Не мог Eфим поверить услышанному:
— Какая лошадь?
— Да та самая, что тебя с километр по траве волокла, сама задом пятилась, вся израненная, а тебя не бросила, к людям тащила, верила, что спасут.
И показали рубаху его, а на ней воротник весь изжеванный. Выхолит, и правда, спасла его незнакомая лошадь. Забрал Eфим ее домой, выходил и назвал Лаской. К хозяину она привязалась, понимала, что тот от верной гибели спас. По вечерам после работы в доме часто собирались односельчане. Ставили на стол нехитрую снедь, вели беседы и пели песни. У Eфима был очень красивый голос, чаще всего он запевал, а все сидящие за столом подхватывали: «Цвіте терен, цвіте терен, а цвіт опадає…» После этих слов к хозяину сзади тихонько подходила Ласка, клала ему свою большую голову на плечо, покачивая ею, смешно шлепала губами и тихонечко ржала, будто подпевала. А когда пели казачьи песни, Ласка смешно переминалась с ноги на ногу, будто танцевала или маршировала.

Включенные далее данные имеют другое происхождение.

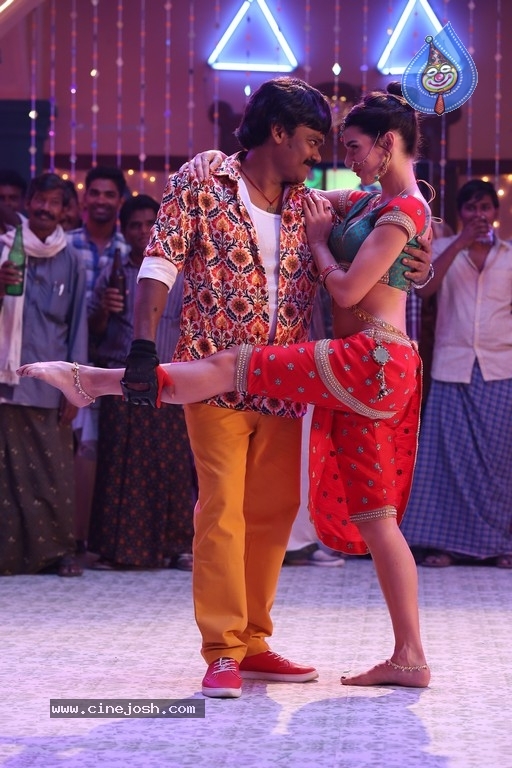 Driver Ramudu Movie Item Song Photos - 8 / 14 photos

На следующий день после того, как в деревне узнали, что началась война, Eфима Матвеевича отправили на фронт. Так начались долгие и трудные военные будни рядового пехотинца Нарожного через всю Россию до Восточной Померании. Жена с сыном остались в Гребенской, а Ласку конфисковали для нужд фронта. Письма из дома приходили редко, новостей в них было мало. В одном из боев получил Eфим ранение. В госпитале оказали помощь и оставили на пару недел
ь, пока рана не затянется. Вечером вышел Eфим во двор, где сидели солдаты и пели грустные песни. Не хотелось ему тоску наводить: «Не такие песни поют наши казаки на Кавказе», — и завел:
На горе стоял казак.
Он Богу молился,
За свободу, за народ,
Низко поклонился.
Солдаты стали подпевать, и тут Eфим услышал знакомое ржание и цоканье копыт. Он не мог поверить своим глазам: перед ним стояла его Ласка и пританцовывала в такт песне. Лошадь узнала голос хозяина. Как оказалось, она перевозила орудия и снаряды на соседних фронтах. А сюда, в госпиталь, на ней привезли нескольких раненых. Всю ночь Eфим не отходил от лошади, гладил ее, разговаривал, не мог поверить, что рядом. А рано утром Ласка потащила свое орудие в соседнее село. Правил ей Андрейка, лет 17 ему было. Все уверял, что будет беречь лошадь как зеницу ока. Не знал тогда Eфим, что видит свою Ласку в последний раз. А вот с Андрейкой довелось ему встретиться в 1944-м возле Орши. И снова в госпитале. Рассказал тогда хозяину Андрей о последнем геройском дне жизни его Ласки.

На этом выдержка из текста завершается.